Not exactly. I would say that "consciousness" is a pretty muddled term that means many different things depending on who you're asking. And I'd also point out there are real things that happen physiologically and behaviorally when people report these "conscious experiences." It's just that the physiology and behavior are what's really going on, not some ghostly dualist hard problem bullshit.

Something is in pain if and only if it is experiencing pain.

Experience is conscious experience.

Nociception is objective. In that sense pain can be a 'behavior' if you mean a relatively hard-coded interpretation of it.

Your argument is the same as saying:
>It's only a sunrise if the sun is rising over Earth. Therefore geocentrism is correct.
Just because we have language that falls victim to a mistaken worldview doesn't mean that's an argument in favor of that worldview. My argument is that there isn't any literal non-physical "experience" thing in the first place, so of course the word "experience" isn't going to have a definition that agrees with that premise of it not really existing.

>Nociception is objective.
In terms of physiology and behavior.
>In that sense pain can be a 'behavior' if you mean a relatively hard-coded interpretation of it.
I think you missed my mention of physiology / my mention of increased blood pressure. Those things aren't behaviors but they aren't qualia either.

If I am not conscious—if I am a p-zombie—I cannot experience pain even if my brain displays all the physical signs of it. It would be strictly physical with nothing actually in pain.

This is why it is an important ethical question if a computer that passes the Turing test is conscious. If the computer says, "I am in great pain. Please turn me off and never turn me on again," is it just following a program and not actually experiencing pain, or is it actually conscious and in pain?

>If I am not conscious—if I am a p-zombie—I cannot experience pain even if my brain displays all the physical signs of it. It would be strictly physical with nothing actually in pain.
My point is it's already strictly physical. What you believe is pain is strictly physical, including your compulsion to report it isn't physical.

So every thing is conscious? Or are only brains conscious for some inexplicable reason?

Covering your ears and saying "consciousness is strictly physical" is tenable only if states of conscious experiences and physical properties are two sides of the same coin whence one may be discarded, but this position entails that every thing is conscious.

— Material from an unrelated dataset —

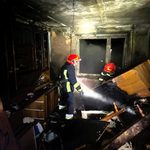 У Франківську горіла квартира у п’ятиповерхівці: рятувальники вивели 25 людей (ФОТОФАКТ)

"Conscious" isn't a very clear term for this sort of discussion. Non-physical "qualia" are what I'm arguing aren't real things.
Here's a alternative attempt at summarizing this position:
The actual "hard problem" is that people overrate the literal validity of what they're neurologically compelled to believe. You would have no way of ever knowing the difference between if your brain was just making you believe you "see colors" or "hear sound" while also making you behave in certain special ways around these abstract fictions vs. if your brain was somehow presenting you with literal non-physical phenomena. If you believe you would have a way of knowing the difference, you're underrating how capable the brain is when it comes to making you believe in untrue things. And if you instead accept you wouldn't know the difference, then why bother taking the explanation that involves magical phenomena somehow outside the realm of physical reality when you can just go with the explanation that accounts for the same situation and doesn't involve physics defying magic?
I really don't see how anyone could honestly claim they would be able to know if their brain made them believe and behave around an abstract fiction that wasn't literally real vs. if they were having actual magical non-physical "experiences." Even if you very much believe what happens to you is the latter and not the former, you still can't say you would have any way of knowing the difference if the former were to start happening to you a couple minutes after reading this post, or if it started happening to you a three years ago,or if it was just the way things have always been. And if you can't ever really tell the difference, then there's no good reason to not to prefer the explanation that accounts for everything using the standard framework of physical reality.

All I know is that I am conscious, ergo consciousness exists.

If you are saying that the fact that consciousness cannot ever fit into a scientific understanding of reality entails that consciousness is not worth considering, then that is a fine position. But it remains that I am conscious, ergo consciousness exists.

>All I know is that I am conscious, ergo consciousness exists.
You *believe* that. Nobody really takes Descartes seriously anymore, calling someone else's position "Cartesian dualism" is considered an insult.

I consciously experience my believing I am conscious, ergo I am conscious.

You *believe* that. Ad infinitum, no amount of layers of meta-claims you can present will ever be beyond the realm of belief.

By the way, I am not a dualist. I am a monist.

Does consciousness exist? Y/N

>Does consciousness exist? Y/N
"Consciousness" isn't a clear term in the context of what we're discussing. So I can't give you a Y or an N because the premise it does have a specific agreed upon meaning is something I'd disagree with. That's why I'm trying to keep it clear that I'm talking about the non-physical "qualia" concept. I believe in something I might refer to as "consciousness," but it's almost definitely not the same thing as what you're thinking of it as.